Il cast comprende un autoritario Ben Gazzara, il volto simpatico di Ernest Borgnine e Yvette Mimieux (indimenticata Weena in The time machine di George Pal). Il dispiegamento di mezzi pare significativo: ci sono piattaforme galleggianti, batiscafi, camere di decompressione, e naturalmente la base sottomarina (che è grossomodo una cisterna con oblò). Le riprese subacquee degli operai degli abissi sono realistiche e ben fatte.
Il vero problema è “l’abisso”, ossia un grande acquario con scogliere e grotte di schiuma scolpita e un profluvio di pesci tropicali nel quale si inoltra il modellino del mini sommergibile. La fauna marina per quanto “cresciuta” a causa delle esalazioni della zona vulcanica (?), risulta palesemente una rassegna di pesciolini comprati al mercato che si cimentano in squittii e borborigmi senza senso (se non quello di riempire i silenzi abissali).

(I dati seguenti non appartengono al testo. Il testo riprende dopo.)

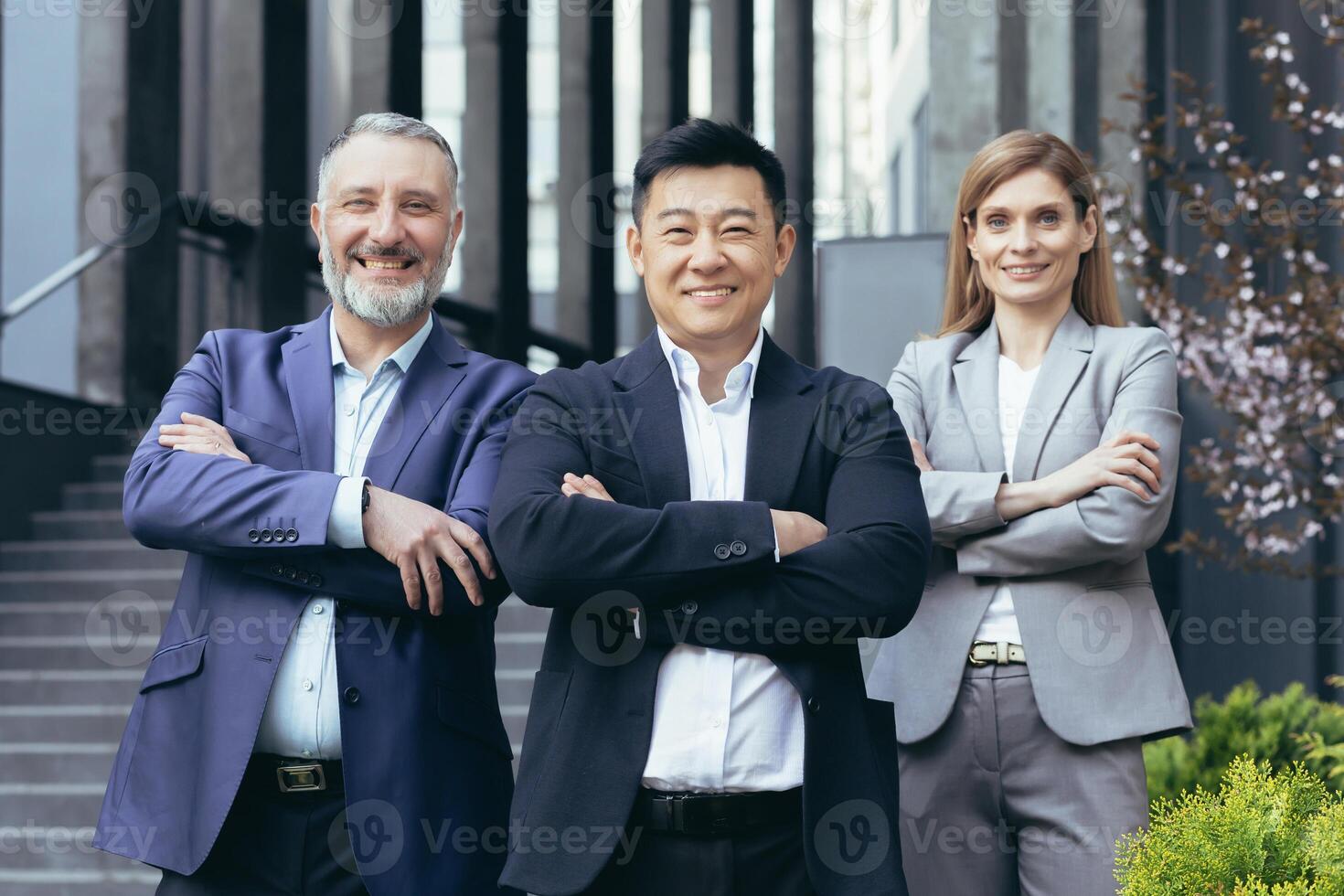 Portrait of successful and happy asian boss with his diverse dream team, business people outside office building standing with arms crossed and looking at camera photo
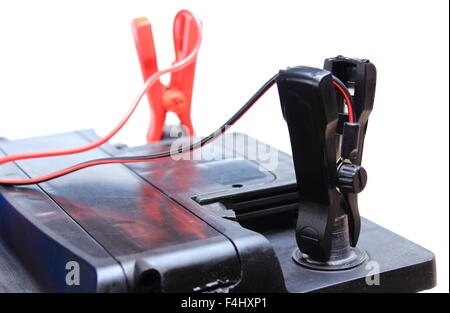 Charger with cables uses to charge old dead car battery Stock Photo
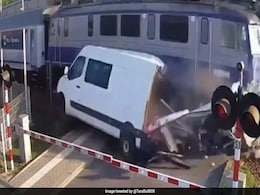 Driver Escapes Unhurt As Speeding Train Crushes Van In Poland, Video Shocks Internet Driver Escapes Unhurt As Speeding Train Crushes Van In Poland, Video Shocks Internet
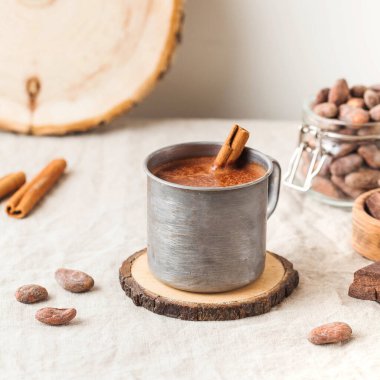 Masa örtüsünde tarçın çubuğu olan metal bardakta sıcak çikolata. Uzayı kopyala Yüksek kalite fotoğraf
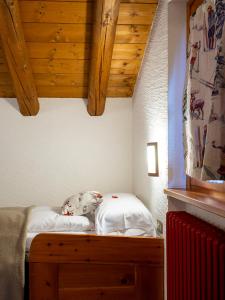 uma cama num quarto com tecto em madeira em Residence Monterosa em Macugnaga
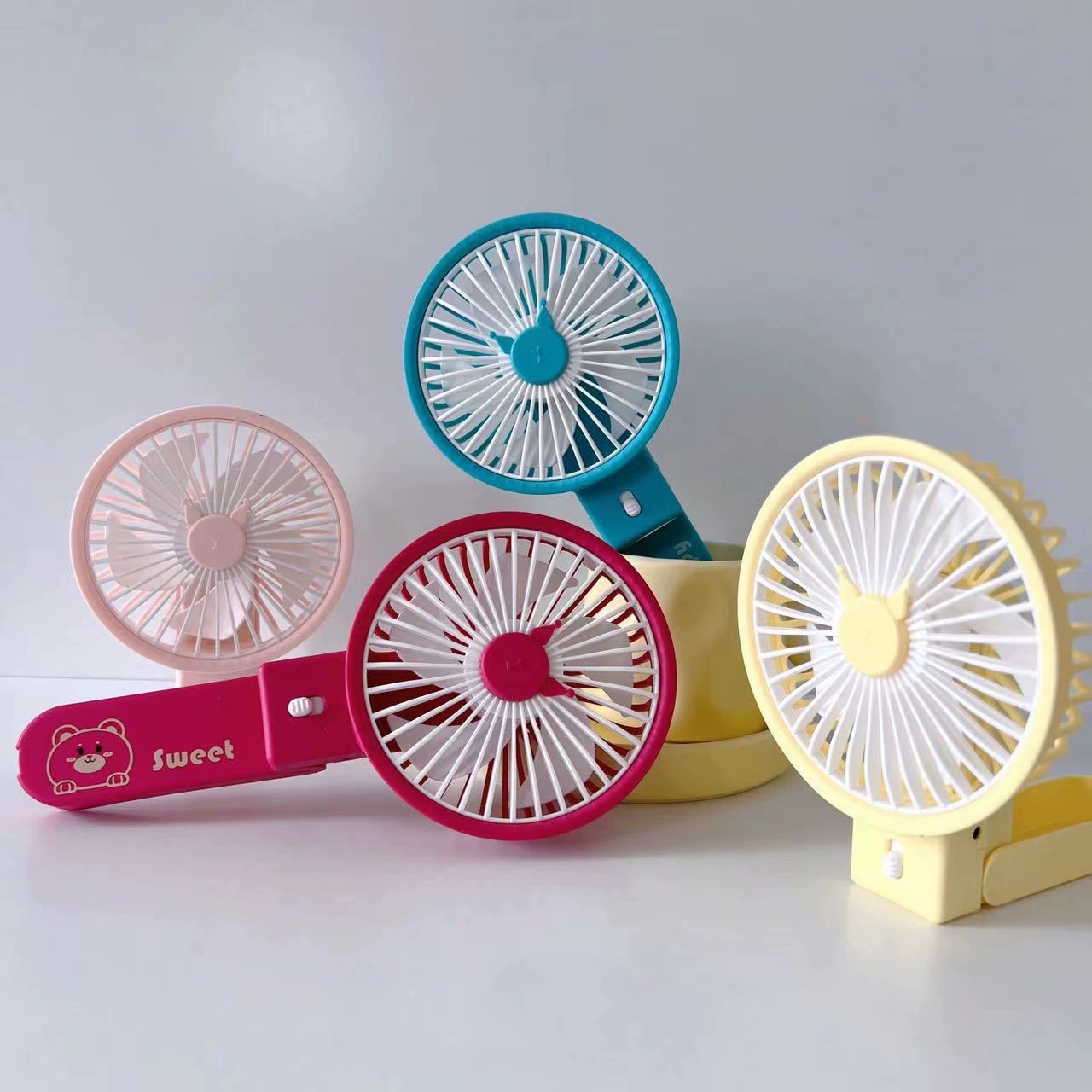 Small handheld folding portable air fan for students, new collection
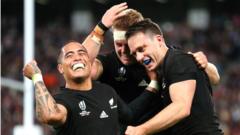 Ben Smith (R) of New Zealand celebrates with Sam Cane and Aaron Smith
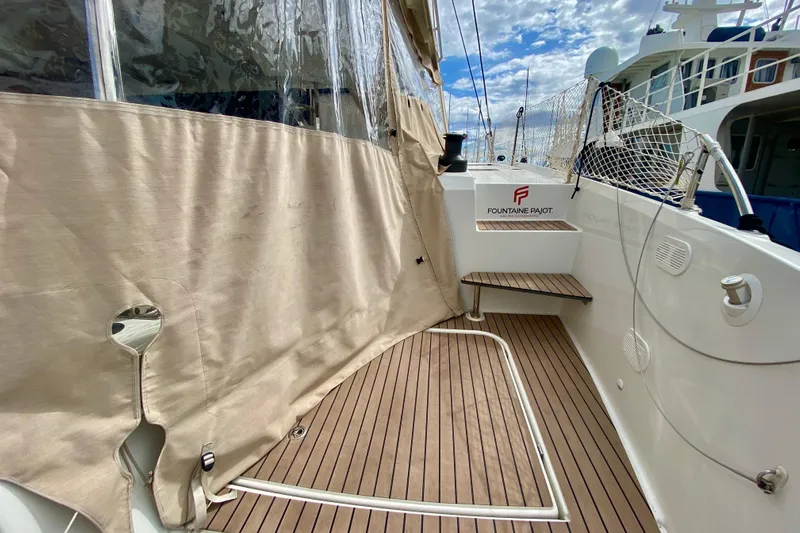 Yacht Photos Pics 2024 Fountaine Pajot Catamaran Aura 51 deck with wood finish and protective cover.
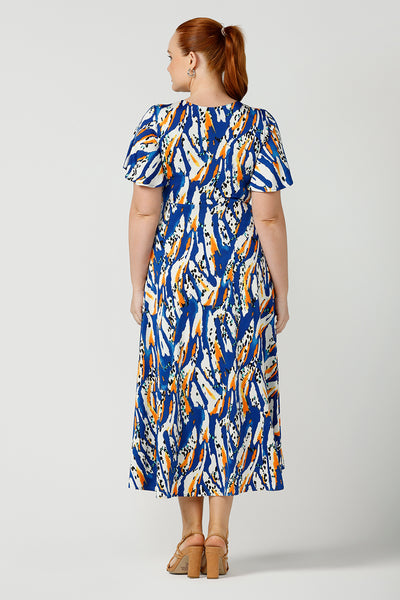 Back view of a curvy size, size 12 woman wearing a casual slinky jersey midi dress in an abstract print. The dress has short flutter sleeves, a double layer twist front bodice and an asymmetrical skirt - this is a great dress for weekend and travel style.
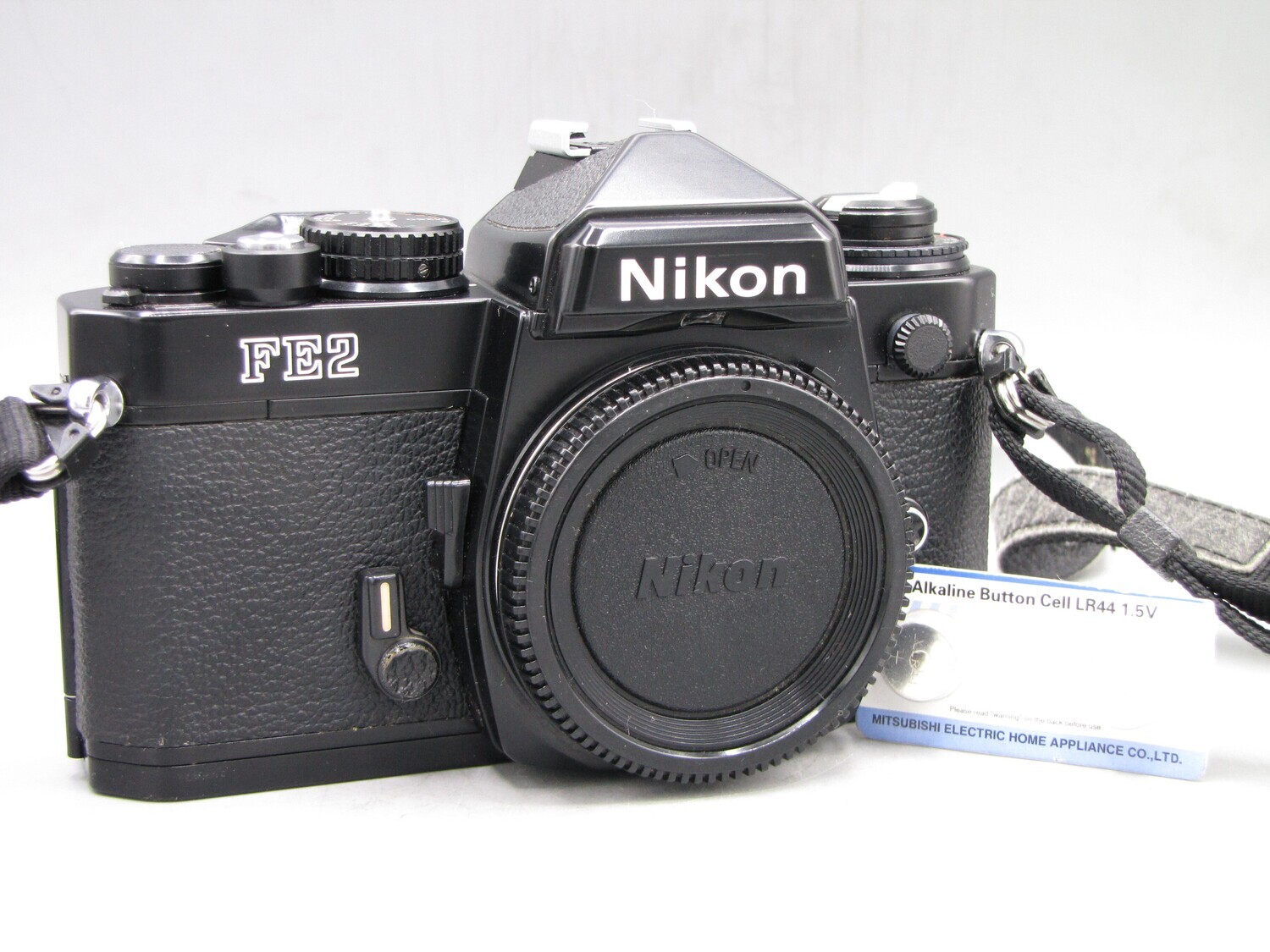 Nikon FE2 35mm SLR Camera Body Clad Seals Film Tested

In Italia, per fare gran cassa, il film venne intitolato con il roboante L’odissea del Neptune nell’impero sommerso, corredato da una meravigliosa locandina che non poteva lasciare indifferenti noi giovani aspiranti avventurieri. Oggi la magia è decisamente svanita: gli effetti speciali invecchiano presto, sono le suggestioni che continuano a intrigare.